Thanks in advance for any help.
Jerry


----------



## Durett (Jul 6, 2004)

*Finally resolved problem.*

The transmission computer (mounted behind the spare tire in the wall of the car) had cold solder joints where the plastic connector attaches to the circuit board. I desoldered the old solder and resoldered the pins. Car immediately lost the 2000 rpm limit and is running just fine. 
Jerry


----------



## Zen31ZR (Mar 24, 2004)

Interesting problem, and solution. Glad it worked out for you. :cheers:


----------



## 0341TODD (Nov 15, 2003)

Wow, I hope that doesnt happen to me......


----------



## Zen31ZR (Mar 24, 2004)

0341TODD said:


> Wow, I hope that doesnt happen to me......


 Yeah us 5-spd guys will _never_ have that problem.......


----------



## JAMESZ (Mar 12, 2004)

0341TODD said:


> Wow, I hope that doesnt happen to me......


You wont have to worry if you get rid of your craptastic slushbox.


----------



## Zen31ZR (Mar 24, 2004)

Ouch, double pwnage. :cheers:


----------



## 0341TODD (Nov 15, 2003)

Hey atleast I can play with my radio, drink a Coke and talk on the Phone while Im smoking Mustangs (v-6 or otherwise I dont have to shift-- 

Yes Yes, when the slushbox goes to crap then I will switch it over to a 5 speed

Speaking of which-- does a t-5 and a t-56 use the same bellhousing?


----------



## Zen31ZR (Mar 24, 2004)

0341TODD said:


> Hey atleast I can play with my radio, drink a Coke and talk on the Phone while Im smoking Mustangs (v-6 or otherwise I dont have to shift--
> 
> Yes Yes, when the slushbox goes to crap then I will switch it over to a 5 speed
> 
> Speaking of which-- does a t-5 and a t-56 use the same bellhousing?


 Dunno about that. Bellhousing maybe but the trans itself the T56 is bigger. Can you say custom driveshaft?

And I've been driving manuals for many years, I can do all the stuff you described above while driving my car too.


----------



## asleepz (Feb 24, 2004)

I can adjust the radio and talk on the phone while driving... On the highway


----------



## JAMESZ (Mar 12, 2004)

SKD_Tech said:


> I can adjust the radio and talk on the phone while driving... On the highway


So can soccer moms and look at what kind of problems they cause on the highway. Now SKD you dont want to be like a soccer mom do you?

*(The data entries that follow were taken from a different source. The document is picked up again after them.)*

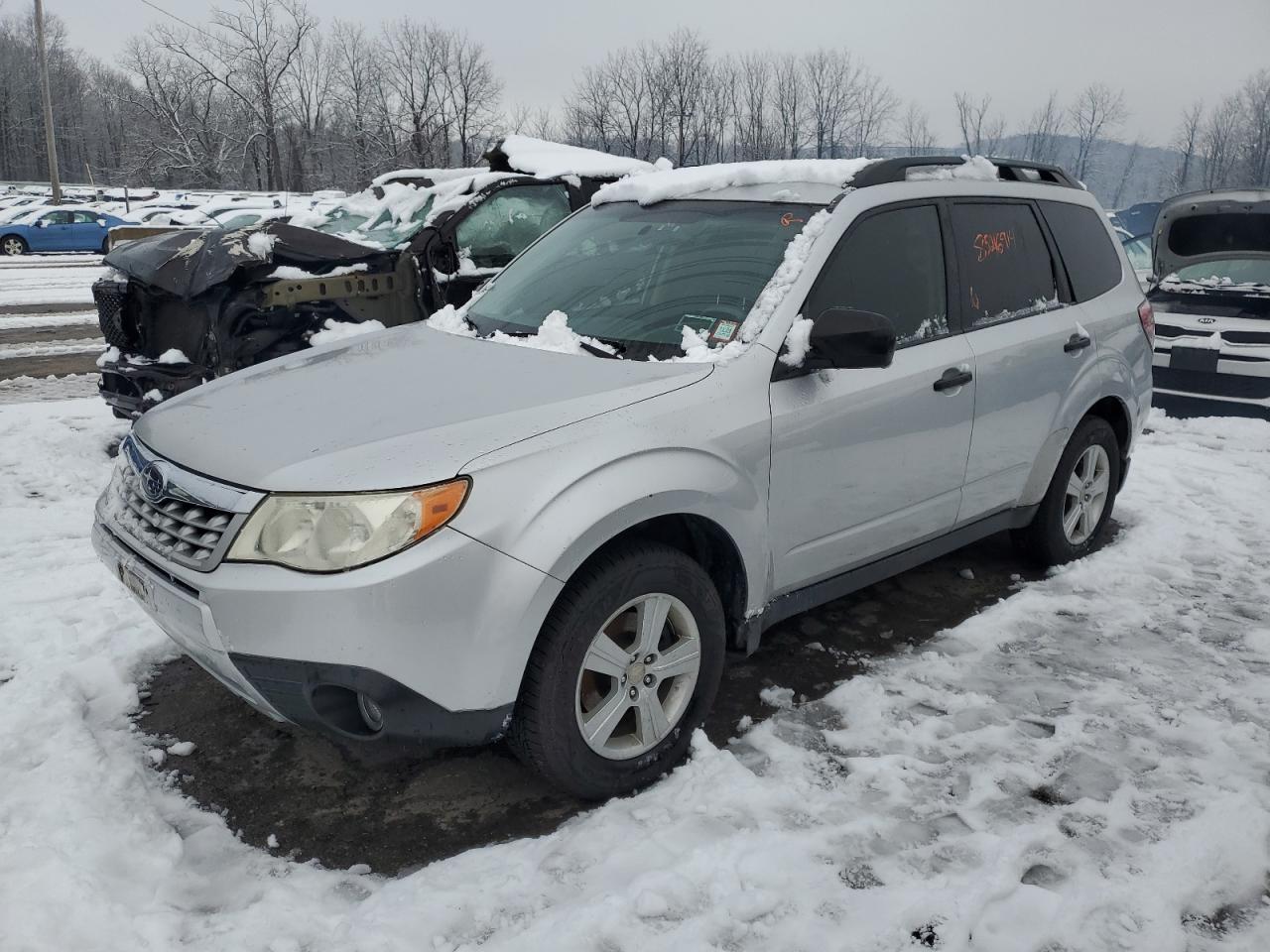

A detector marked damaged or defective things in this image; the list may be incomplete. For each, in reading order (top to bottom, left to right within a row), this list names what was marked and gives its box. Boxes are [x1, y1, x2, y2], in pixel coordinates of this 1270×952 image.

damaged hood [104, 222, 387, 299]
wrecked vehicle [95, 138, 655, 416]
damaged hood [1151, 187, 1270, 282]
damaged hood [139, 325, 714, 492]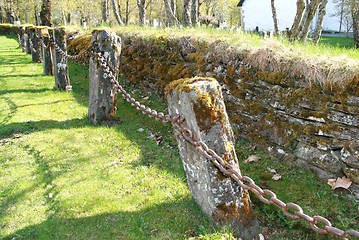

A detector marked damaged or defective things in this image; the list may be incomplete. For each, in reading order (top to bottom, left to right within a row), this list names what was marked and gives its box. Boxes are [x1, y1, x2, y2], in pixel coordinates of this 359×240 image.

rusty metal link [95, 52, 174, 124]
rusty chain [94, 50, 358, 238]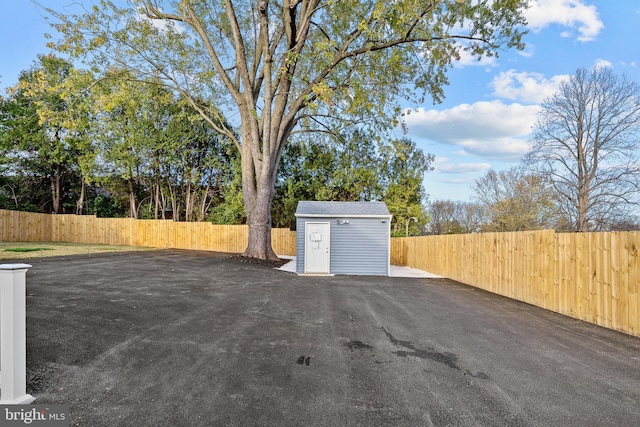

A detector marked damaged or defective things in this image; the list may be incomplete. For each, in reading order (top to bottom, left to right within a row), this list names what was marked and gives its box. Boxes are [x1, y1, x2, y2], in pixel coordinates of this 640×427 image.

cracked asphalt [21, 249, 640, 426]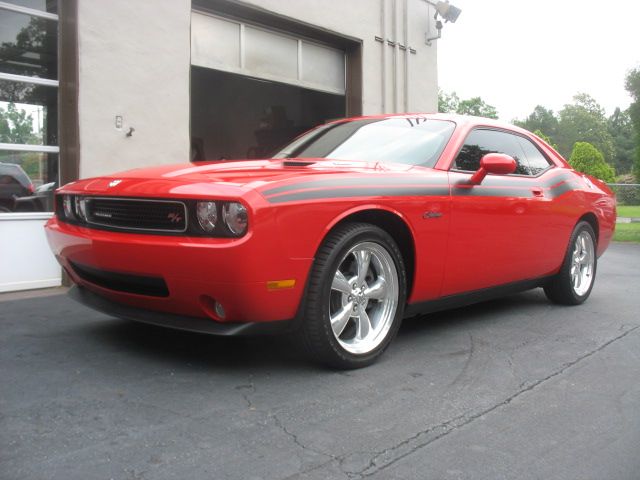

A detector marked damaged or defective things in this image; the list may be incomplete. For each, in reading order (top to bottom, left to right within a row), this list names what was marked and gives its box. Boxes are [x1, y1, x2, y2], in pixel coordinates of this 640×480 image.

crack in pavement [348, 324, 640, 478]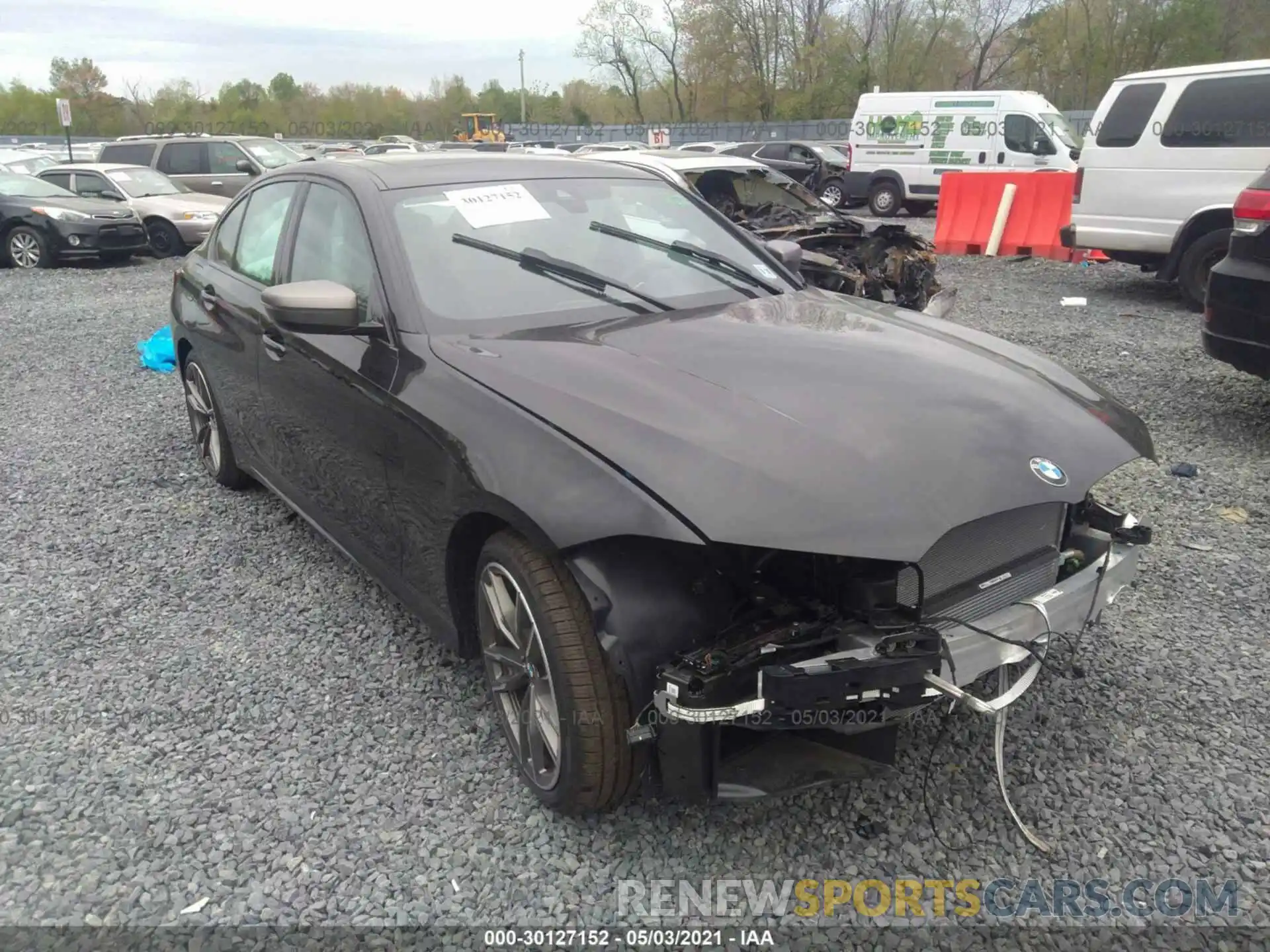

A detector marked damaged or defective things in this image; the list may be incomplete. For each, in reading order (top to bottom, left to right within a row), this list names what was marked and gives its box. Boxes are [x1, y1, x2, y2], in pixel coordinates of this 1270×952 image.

damaged front end [691, 166, 939, 311]
crumpled metal debris [731, 202, 939, 313]
damaged black bmw sedan [169, 153, 1153, 817]
damaged front end [566, 492, 1153, 832]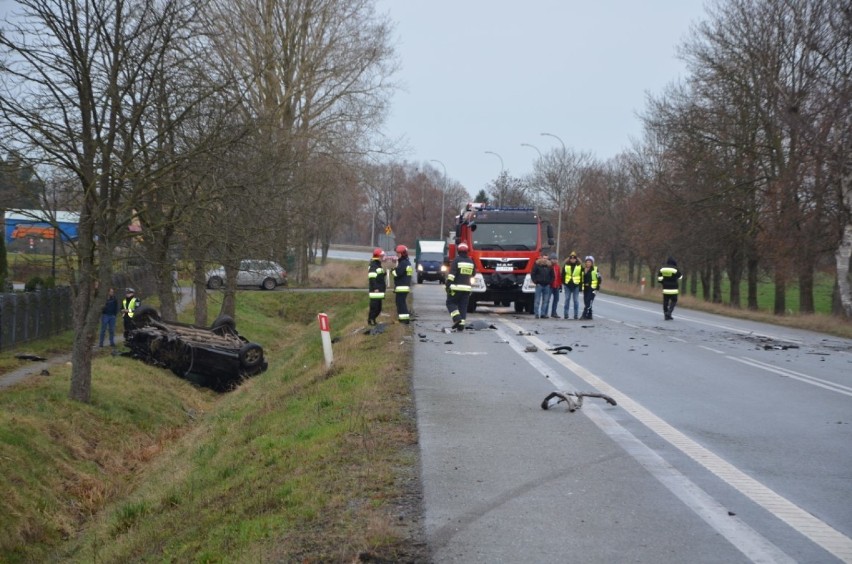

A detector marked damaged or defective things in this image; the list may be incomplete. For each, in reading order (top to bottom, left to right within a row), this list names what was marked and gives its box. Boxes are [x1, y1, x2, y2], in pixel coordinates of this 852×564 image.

overturned car [124, 304, 266, 392]
damaged vehicle [125, 304, 266, 392]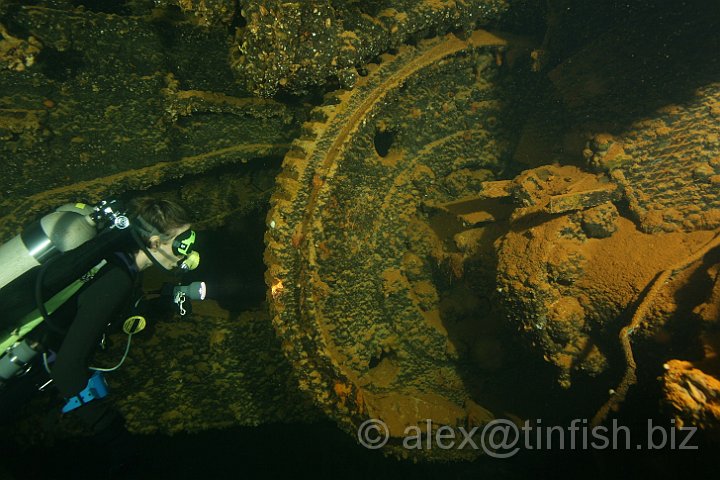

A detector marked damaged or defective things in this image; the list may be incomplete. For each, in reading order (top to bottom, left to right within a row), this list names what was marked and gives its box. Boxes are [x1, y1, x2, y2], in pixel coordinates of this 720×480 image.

corroded ship wheel [264, 29, 516, 458]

I didn't think so.....

And Todd your excuses are what make all of our cars faster then yours.


----------



## asleepz (Feb 24, 2004)

JAMESZ said:


> So can soccer moms and look at what kind of problems they cause on the highway. Now SKD you dont want to be like a soccer mom do you? I didn't think so.....
> 
> And Todd your excuses are what make all of our cars faster then yours.



You mean it's bad to be a soccer mom? Looks like I need to get rid of my keychain then.

Yes manuals are faster than autos. Get used to it


----------